Lavoro più stabile, inflazione ancora alta
Nel comunicato di fine riunione, la Fed evidenzia che il tasso di disoccupazione mostra segnali di stabilizzazione, ma l’inflazione resta elevata. Tradotto: l’emergenza “lavoro” sembra meno pressante, mentre l’obiettivo prezzi continua a tenere la politica monetaria sotto pressione. In questo quadro, l’istituto ribadisce che l’incertezza sulle prospettive economiche resta elevata e che continuerà a monitorare i dati in arrivo per valutarne l’impatto sull’outlook.

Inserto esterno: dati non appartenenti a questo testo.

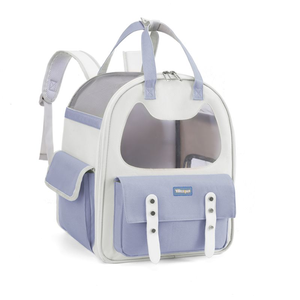 Transparent Mesh <b>Pet</b> Backpack <b>Carrier</b> Soft-Sided Zipper Closure Breathable Oxford Material Gray Color 5kg Capacity Square Shape - Product Image 2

Spaccature nel FOMC e partita politica
Il voto non è stato compatto: 10 favorevoli e 2 contrari, con dissenso dei governatori Stephen Miran (scelto da Donald Trump) e Christopher Waller (in corsa per la presidenza della Fed). Il dettaglio conta perché racconta un comitato meno coeso proprio mentre la banca centrale affronta un contesto politico più teso. Sullo sfondo, Powell ha definito il caso della governatrice Lisa Cook alla Corte Suprema “probabilmente il più importante nella storia della Fed”, mentre Trump spinge per il suo licenziamento: un passaggio che alza la posta sul tema dell’autonomia dell’istituzione.
Powell tra indipendenza e conti pubblici
Powell prova a blindare la credibilità dell’istituto: “Non credo che la Fed perderà la sua indipendenza”, avvertendo che senza autonomia sarebbe “difficile ripristinare la credibilità”. Sul fronte macro, manda anche un segnale netto sulla finanza pubblica: la traiettoria del debito americano è “senza dubbio insostenibile”.
E sul prossimo passo di politica monetaria raffredda l’ipotesi di una stretta: un aumento dei tassi “non è lo scenario di base di nessuno”, frase che punta a evitare che il mercato legga la pausa come preludio a un ritorno aggressivo dell’hawkishness.